Cohesion agency risks losing relevance

Hate speech has become a major challenge for Kenyan authorities. PHOTO | FOTOSEARCH
Hate speech has become a major challenge for Kenyan authorities. PHOTO | FOTOSEARCH 

We live in trying times as a country. After many weeks of heated public discourse, there is consensus that Kenya is in trying times.

There is lack of consensus though on the nature of and cause of the problems. Some say it is elections, others politics and some classify it as deep-seated issues.

When we go back in history we will remember that the National Cohesion and Integration Commission (NCIC) was established precisely against similar context.

It was our insurance policy against the country receding to similar toxic environment. This was not to be about how reactive the commission was but more about the programmes it put in place, the tasks it undertook to ensure proactively that the country and its citizens were more cohesive and integrated.

It is close to ten years since the law that established NCIC was enacted. Looking at the interrelated mandate of integration and cohesion that the commission was to discharge, it is imperative to assess how effectively it has discharged its mandate.

To be fair, the commission has implemented several programmes, including inter-communal dialogues. However, its most high-profile engagements have been around discussions on hate speech. This column has argued before that cohesion is more than just hate speech.

A review of social media and even mainstream media discussions over the last month reveals that our moral fibre as a nation is under strain. The common excuse has always been that it is the politicians who divide us. However, if we are to be honest with ourselves the politicians exploit some divisions that we bottle inside us. The responsibility of NCIC was to identify these features and help deal with them.

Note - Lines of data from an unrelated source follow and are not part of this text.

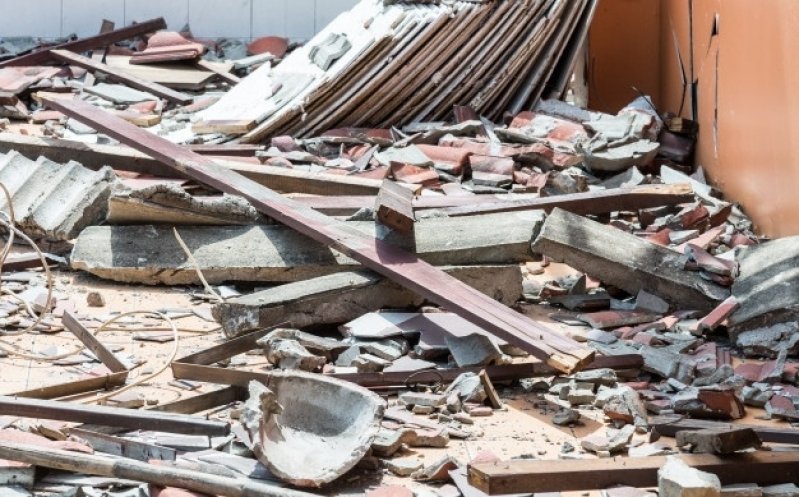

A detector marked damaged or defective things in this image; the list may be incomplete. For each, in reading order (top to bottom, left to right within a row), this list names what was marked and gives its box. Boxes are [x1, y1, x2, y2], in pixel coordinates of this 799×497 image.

broken concrete slab [0, 151, 116, 244]
broken concrete slab [73, 210, 544, 284]
broken concrete slab [212, 268, 524, 338]
broken concrete slab [536, 206, 728, 308]
broken concrete slab [732, 236, 799, 334]
broken concrete slab [241, 376, 384, 484]
broken concrete slab [660, 456, 720, 497]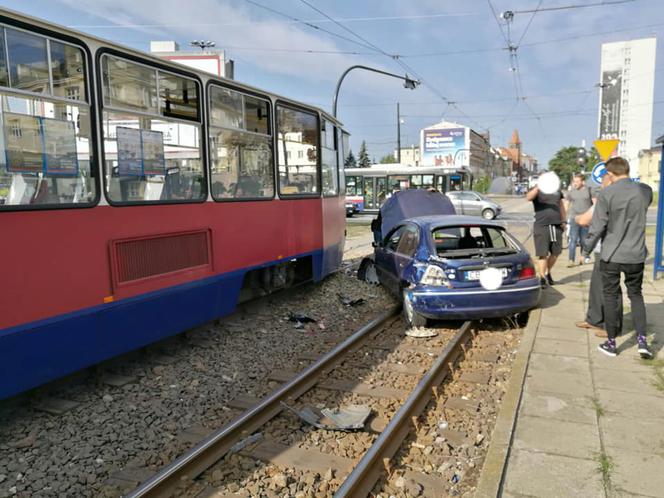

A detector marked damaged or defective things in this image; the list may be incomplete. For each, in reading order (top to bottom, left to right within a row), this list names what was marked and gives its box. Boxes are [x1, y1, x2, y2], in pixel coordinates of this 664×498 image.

destroyed blue car [360, 189, 544, 324]
car's broken windshield [430, 225, 520, 258]
broken plastic fragment [280, 402, 370, 430]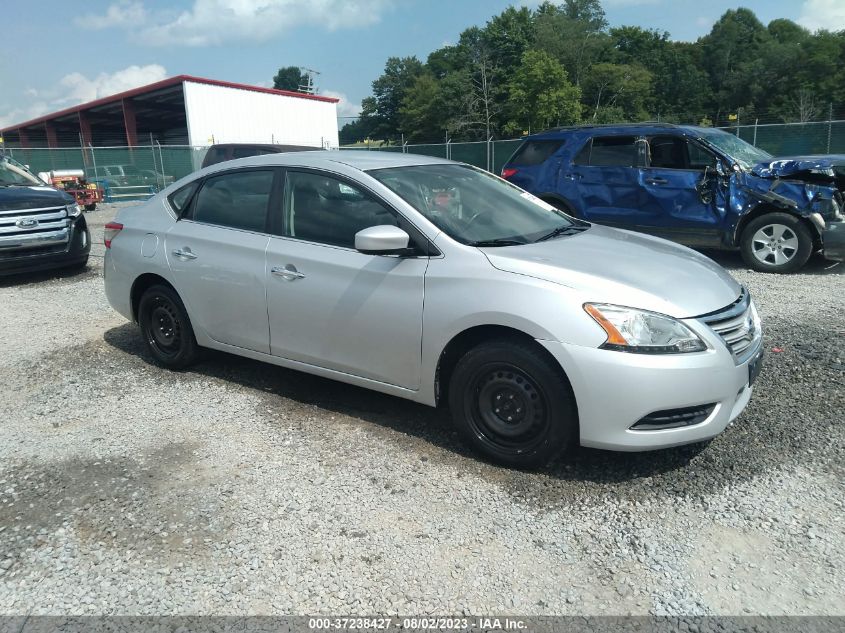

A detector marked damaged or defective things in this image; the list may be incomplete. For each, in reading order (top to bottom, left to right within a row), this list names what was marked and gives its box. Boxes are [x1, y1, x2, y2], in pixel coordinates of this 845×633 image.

damaged blue suv [502, 123, 844, 272]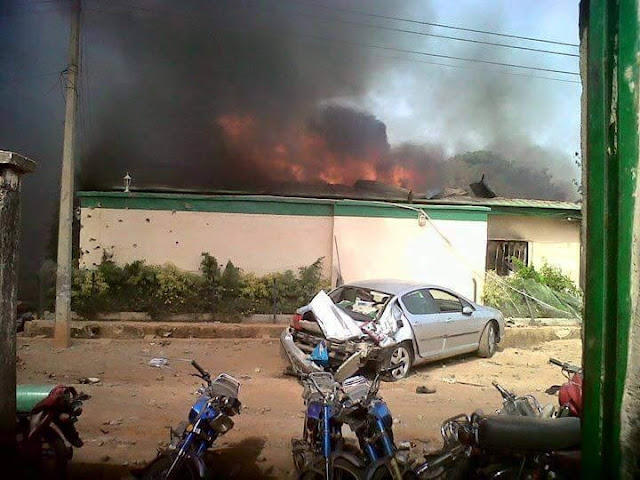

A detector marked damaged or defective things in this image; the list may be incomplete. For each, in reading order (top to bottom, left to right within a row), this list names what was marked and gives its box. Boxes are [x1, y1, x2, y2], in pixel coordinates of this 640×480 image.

crushed car hood [306, 292, 364, 342]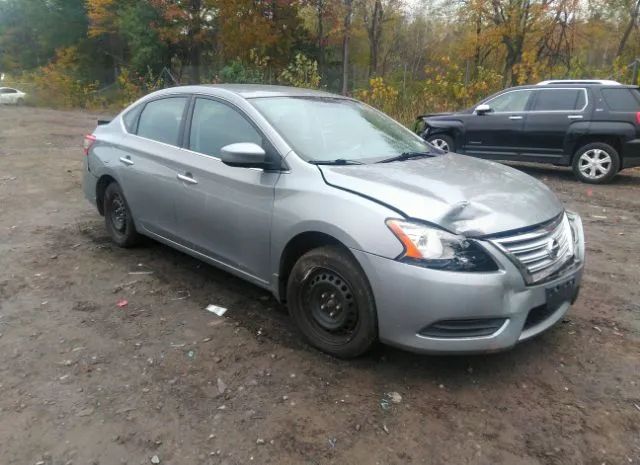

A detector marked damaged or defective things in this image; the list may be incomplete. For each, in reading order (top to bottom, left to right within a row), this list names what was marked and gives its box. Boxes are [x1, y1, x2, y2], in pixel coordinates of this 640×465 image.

cracked hood [318, 155, 560, 237]
damaged hood [320, 154, 560, 237]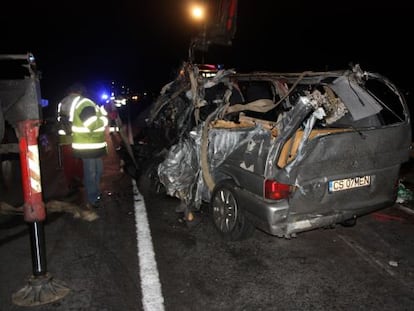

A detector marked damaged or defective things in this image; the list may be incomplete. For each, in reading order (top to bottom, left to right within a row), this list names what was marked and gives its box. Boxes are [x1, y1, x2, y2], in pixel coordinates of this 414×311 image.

wrecked van [133, 62, 410, 240]
mangled car frame [140, 63, 410, 243]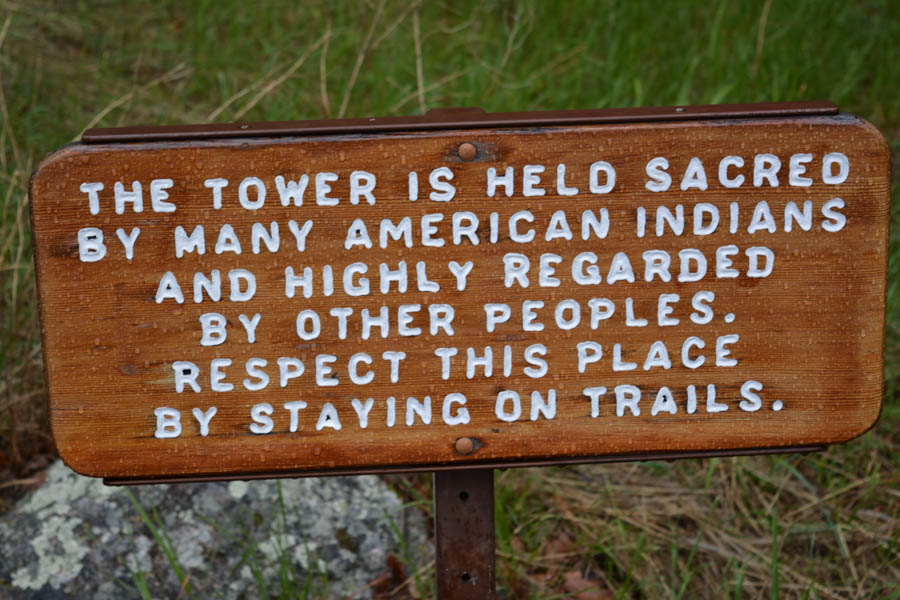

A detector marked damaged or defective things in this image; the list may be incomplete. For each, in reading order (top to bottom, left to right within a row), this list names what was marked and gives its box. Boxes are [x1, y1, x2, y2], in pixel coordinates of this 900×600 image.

rusted bracket [432, 472, 496, 596]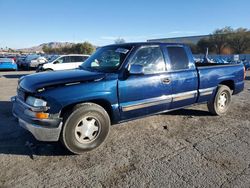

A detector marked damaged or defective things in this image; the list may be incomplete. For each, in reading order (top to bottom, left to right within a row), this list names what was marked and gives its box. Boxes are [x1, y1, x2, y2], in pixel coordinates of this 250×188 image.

damaged hood [19, 69, 105, 92]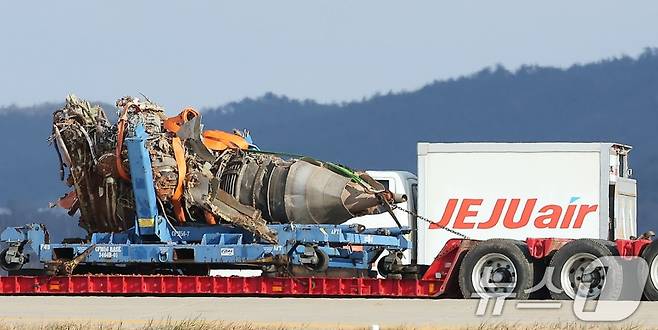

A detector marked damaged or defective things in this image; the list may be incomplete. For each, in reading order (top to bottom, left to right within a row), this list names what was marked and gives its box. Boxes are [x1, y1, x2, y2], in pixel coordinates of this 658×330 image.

damaged jet engine [50, 94, 400, 242]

Listening to discussions amongst students these past weeks, you worry about the levels of cohesion. There seems to be public acknowledgement that there are things that divide us a nation. Secondly, we have to put in place mechanisms to address these in the long-term. Listening to those discussions I have asked myself what is the greater mandate for NCIC than this. They have the task of ensuring that the task of national integration is neither episodic nor reactive.
How has it performed? What can they do differently? It is important that the last month spurs the commission into action.

To develop a greater sense of belief and purpose in what they do. Theirs is a critical task for ensuring that our country and its people live harmoniously, interact honestly and address differences amicably.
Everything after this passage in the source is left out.